_Data shown_
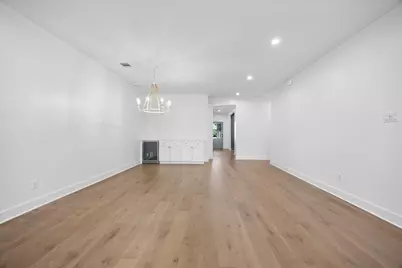 10659 Mayfield Road, Houston, TX 77043 - Photo 7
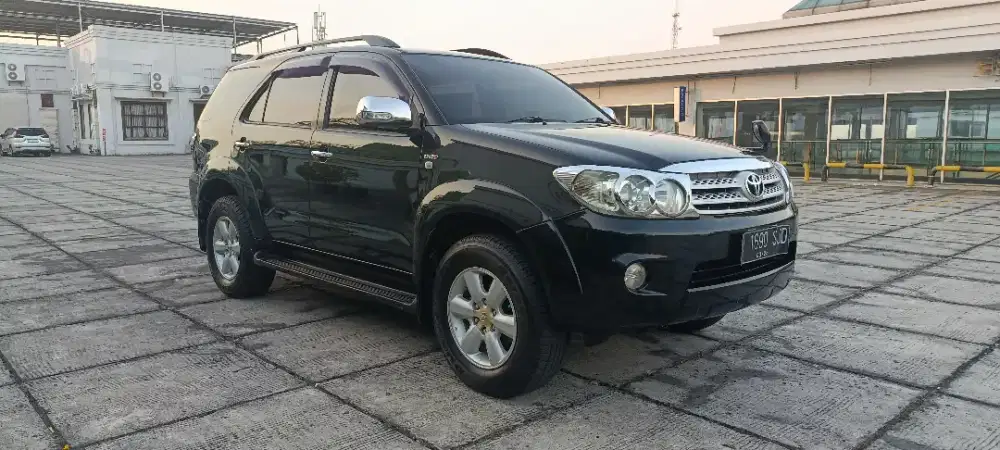 Toyota FORTUNER G AT 2011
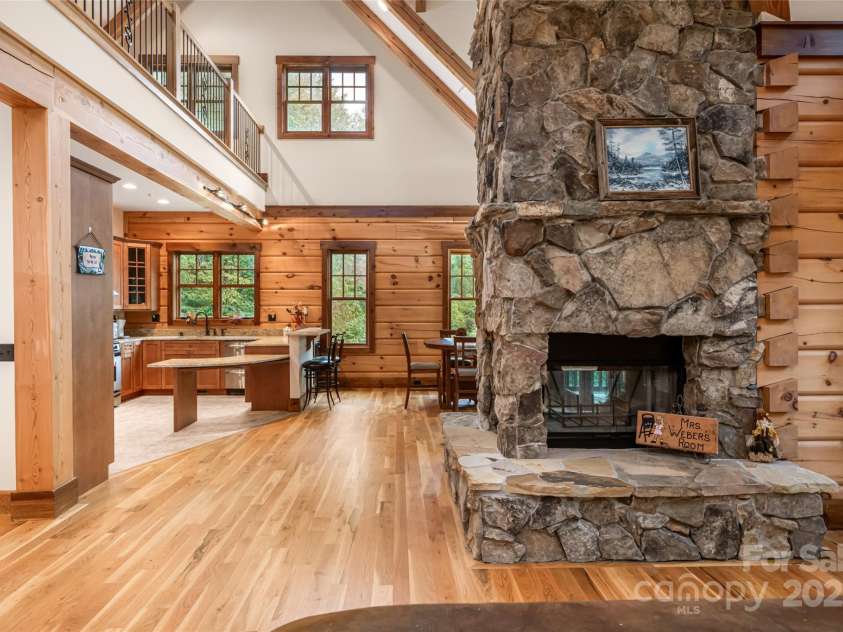 635 Whisper Mountain Drive, Leicester, NC 28748.  MLS# CAR4302796, YatesRealty ID 5352.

_What the task requires_
Go through the listing above and retype it exactly, skipping every picture.

_Result of the task_
 10659 Mayfield Road, Houston, TX 77043 - Photo 7
 Toyota FORTUNER G AT 2011
 635 Whisper Mountain Drive, Leicester, NC 28748.  MLS# CAR4302796, YatesRealty ID 5352.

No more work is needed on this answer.